Degraded QuickSilver Workflows

Incident Report for Pantheon Operations

Postmortem

At 14:58 UTC October 16th, an unexpected disruption occurred to our Quicksilver service, traced back to secret key rotation executed late the previous week as part of regular security maintenance. Although the rotation itself didn't immediately affect production, a subsequent code merge on Monday morning resulted in Quicksilver jobs failing to run. Service was restored at 19:05 UTC. We have identified improvements that will help us detect and prevent similar issues in the future.

Posted Oct 20, 2023 - 11:02 PDT

Resolved

Following continued monitoring, we are pleased to confirm the resolution of the QuickSilver service disruption. Our engineering team has identified and addressed the underlying issue, restoring full functionality to all workflows.

We appreciate your patience throughout this resolution process.
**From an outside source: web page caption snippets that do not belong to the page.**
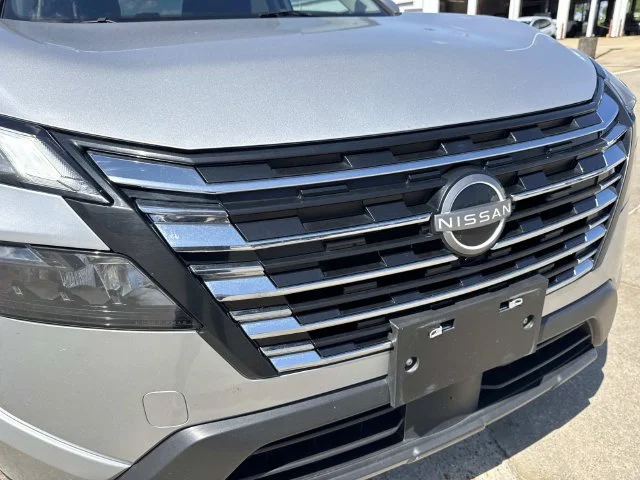 Used 2025 Silver Nissan SV image 4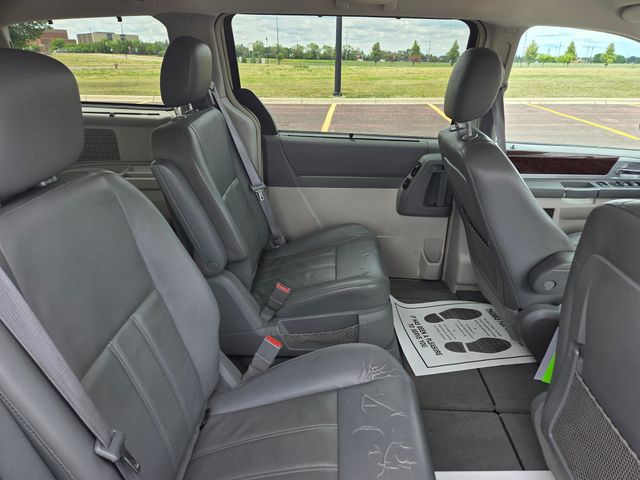 2010 Chrysler Town & Country Touring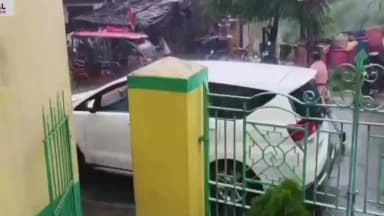 রানাঘাট ১: অসুস্থ বিধায়ককে দেখতে রানাঘাটে এলেন খাদ্যমন্ত্রী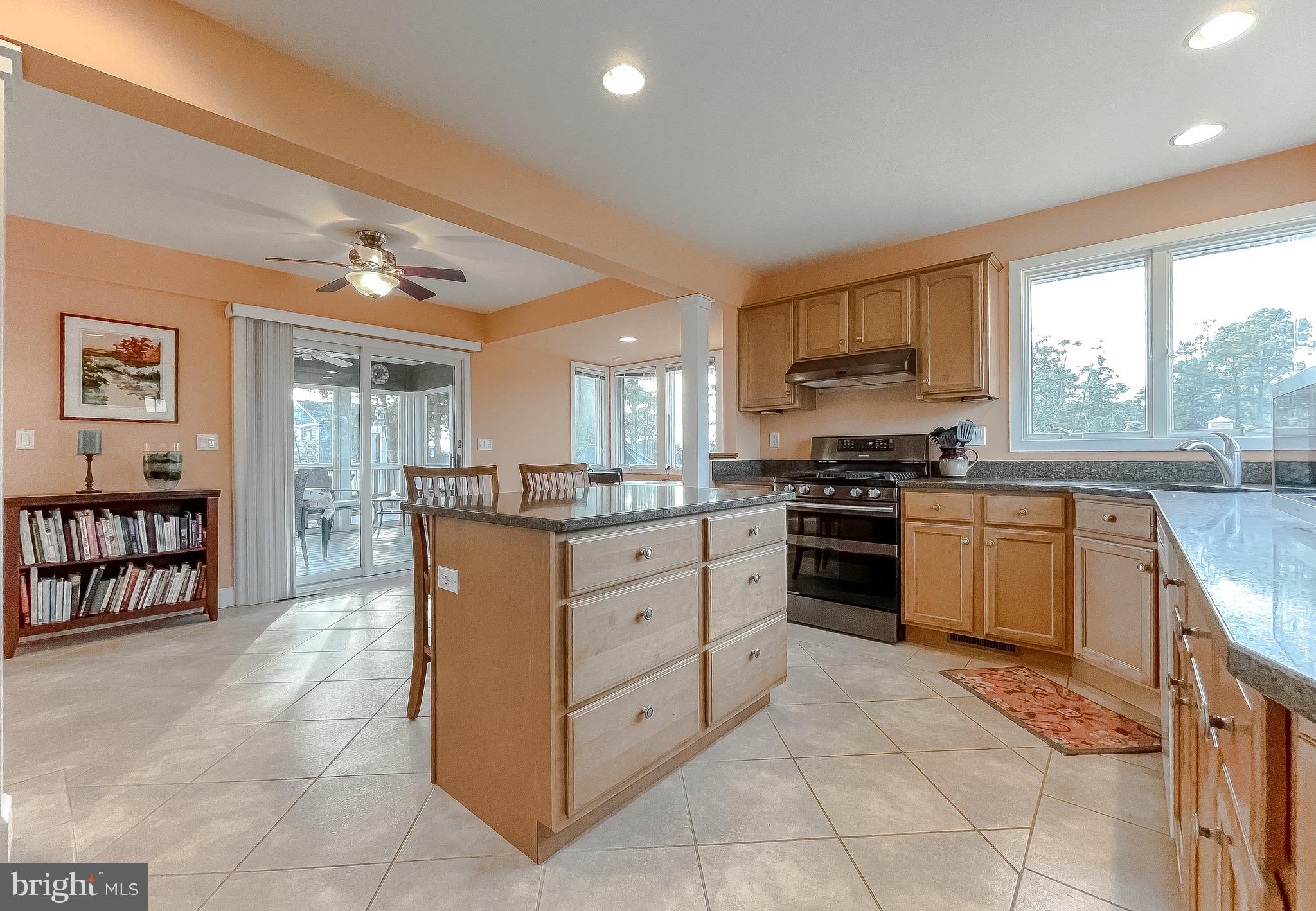 HAYS BEACH - Residential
For any remaining or new concerns, please feel free to reach out to our support team.
Posted Oct 16, 2023 - 14:01 PDT

Monitoring

Our engineering team has successfully addressed the cause of QuickSilver workflows being degraded. We are now monitoring to ensure continued stability, and we appreciate your patience during this work.

If you have any outstanding issues, please don't hesitate to reach out to support.
Posted Oct 16, 2023 - 12:23 PDT

Identified

Our team has identified the issue and is actively working on a solution. We apologize for any inconvenience caused and appreciate your patience as we resolve this matter.
Posted Oct 16, 2023 - 11:58 PDT

Investigating

We have detected and are investigating QuickSilver workflows not completing. If a site has workflows that rely on QuickSilver, the workflow will show as still in progress despite being completed. Any QuickSilver operations will need to be run manually.

For urgent issues, please contact support by opening a ticket or support chat.
Posted Oct 16, 2023 - 11:34 PDT
This incident affected: Workflow Operations.